You can access the backend functionalities by accessing the provided REST API.

Run the Backend API on port 5000:

uvicorn datastew.api.routes:app --reload --port 5000

Run the Backend via Docker

The API can also be run via docker.

You can either build the docker container locally or download the latest build from the index GitHub package registry.

docker build . -t ghcr.io/scai-bio/datastew/backend:latest
docker pull ghcr.io/scai-bio/datastew/backend:latest

After build/download you will be able to start the container and access the INDEX API per default on localhost:8000:

docker run  -p 8000:80 ghcr.io/datastew/scai-bio/backend:latest

Usage

Python

Creating and using stored mappings

A simple example how to initialize an in memory database and compute a similarity mapping is shown in datastew/scripts/mapping_db_example.py:

from datastew.repository.sqllite import SQLLiteRepository
from datastew.repository.model import Terminology, Concept, Mapping
from datastew.embedding import MPNetAdapter

# omit mode to create a permanent db file instead
repository = SQLLiteRepository(mode="memory")
embedding_model = MPNetAdapter()

terminology = Terminology("snomed CT", "SNOMED")

text1 = "Diabetes mellitus (disorder)"
concept1 = Concept(terminology, text1, "Concept ID: 11893007")
mapping1 = Mapping(concept1, text1, embedding_model.get_embedding(text1))

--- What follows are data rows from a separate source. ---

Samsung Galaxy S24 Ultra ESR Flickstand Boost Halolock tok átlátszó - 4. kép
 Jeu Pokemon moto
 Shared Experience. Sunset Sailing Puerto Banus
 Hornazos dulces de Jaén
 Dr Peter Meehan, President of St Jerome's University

text2 = "Hypertension (disorder)"
concept2 = Concept(terminology, text2, "Concept ID: 73211009")
mapping2 = Mapping(concept2, text2, embedding_model.get_embedding(text2))

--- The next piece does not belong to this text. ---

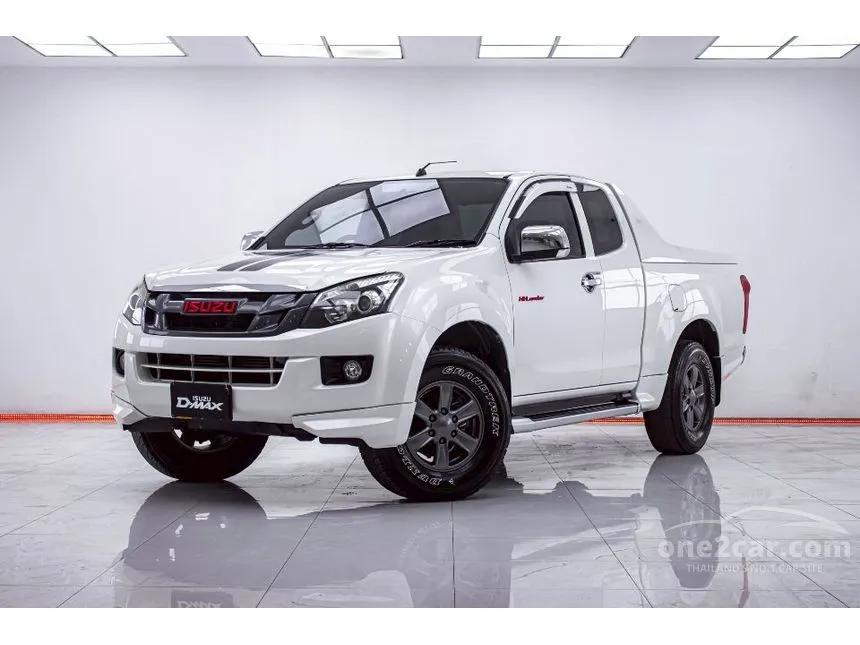 2013 Isuzu D-MAX Hi-Lander X-Series Z Space Cab Pickup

repository.store_all([terminology, concept1, mapping1, concept2, mapping2])

text_to_map = "Sugar sickness"
embedding = embedding_model.get_embedding(text_to_map)
mappings, similarities = repository.get_closest_mappings(embedding, limit=2)
for mapping, similarity in zip(mappings, similarities):
    print(f"Similarity: {similarity} -> {mapping}")

output:

Similarity: 0.47353370635583486 -> Concept ID: 11893007 : Diabetes mellitus (disorder) | Diabetes mellitus (disorder)
Similarity: 0.20031612264852067 -> Concept ID: 73211009 : Hypertension (disorder) | Hypertension (disorder)

You can also import data from file sources (csv, tsv, xlsx) or from a public API like OLS. An example script to download & compute embeddings for SNOMED from ebi OLS can be found in datastew/scripts/ols_snomed_retrieval.py.

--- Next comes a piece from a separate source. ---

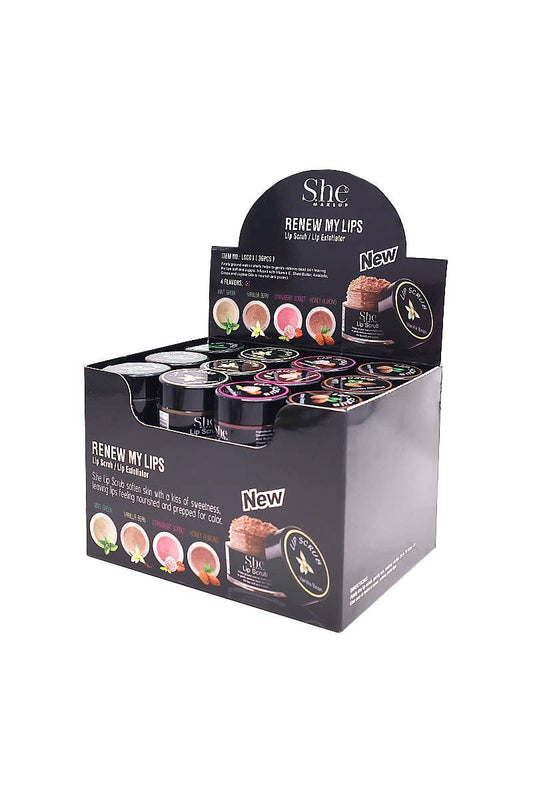 Renew My Lips Lip Scrub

Harmonizing excel/csv resources

You can directly import common data models, terminology sources or data dictionaries for harmonization directly from a csv, tsv or excel file. An example how to match two seperate variable descriptions is shown in datastew/scripts/mapping_excel_example.py:

from datastew.process.parsing import DataDictionarySource
from datastew.process.mapping import map_dictionary_to_dictionary

# Variable and description refer to the corresponding column names in your excel sheet
source = DataDictionarySource("source.xlxs", variable_field="var", description_field="desc")
target = DataDictionarySource("target.xlxs", variable_field="var", description_field="desc")

df = map_dictionary_to_dictionary(source, target)
df.to_excel("result.xlxs")

The resulting file contains the pairwise variable mapping based on the closest similarity for all possible matches as well as a similarity measure per row.

Configuration

Description Embeddings

You can configure INDEX to use either a local language model or call OPenAPIs embedding API. While using the OpenAI API is significantly faster, you will need to provide an API key that is linked to your OpenAI account.

Currently, the following local models are implemented:

The API will default to use a local embedding model. You can adjust the model loaded on start up in the configurations.

Database

INDEX will by default store mappings in a file based db file in the index/db dir. For testing purposes the initial SQLLite file based db contains a few of mappings to concepts in SNOMED CT. All available database adapter implementations can be found in index/repository.

To exchange the DB implementation, load your custom DB adapter or pre-saved file-based DB file on application startup here. The same can be done for any other embedding model.